(Material supplied begins)

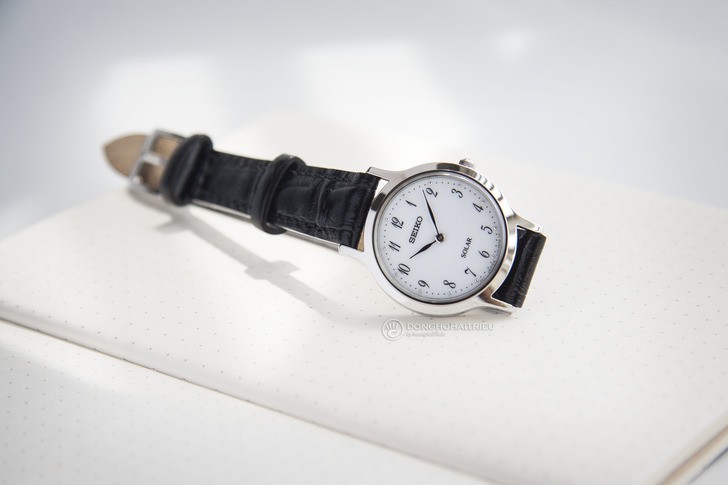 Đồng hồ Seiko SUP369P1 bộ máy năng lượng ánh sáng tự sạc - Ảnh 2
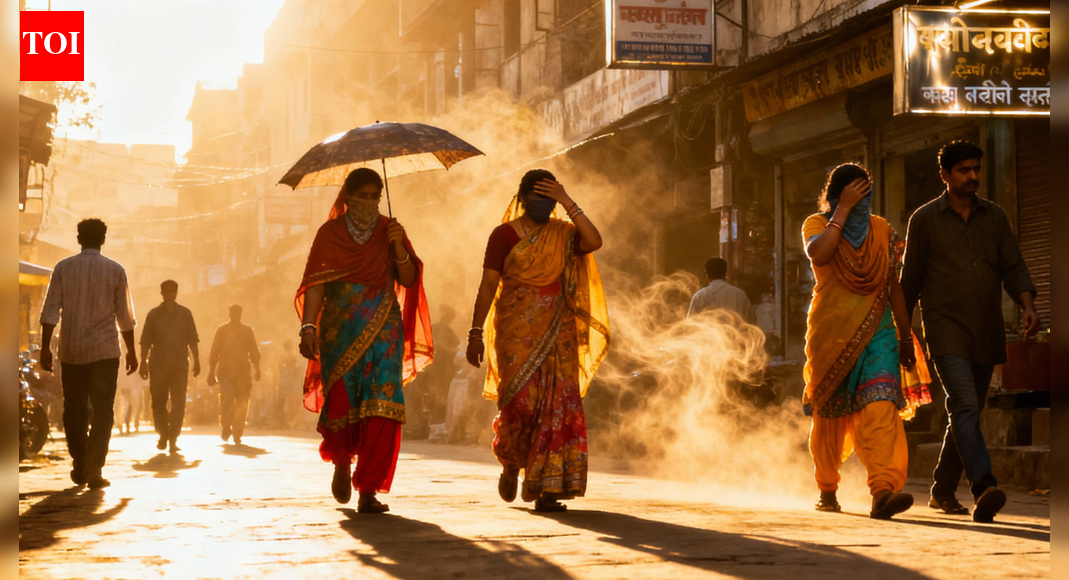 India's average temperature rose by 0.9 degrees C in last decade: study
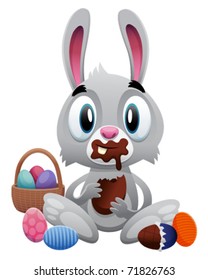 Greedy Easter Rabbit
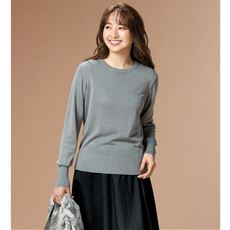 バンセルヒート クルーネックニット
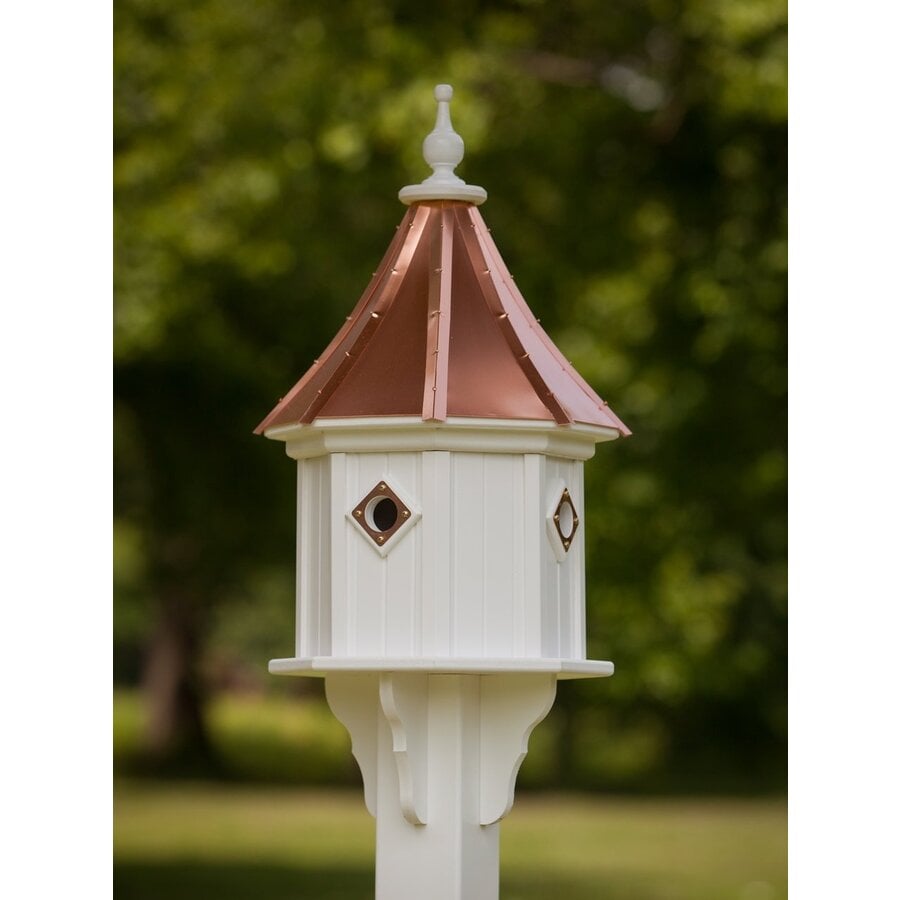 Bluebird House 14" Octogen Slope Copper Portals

(Material supplied ends)

→ **Activity**: Retype the lines exactly as they appear, beginning with the line that contains "バンセルヒート クルーネックニット" and ending with the final line of the entries, and omit the pictures.

→ **Answer space**:
 バンセルヒート クルーネックニット
 Bluebird House 14" Octogen Slope Copper Portals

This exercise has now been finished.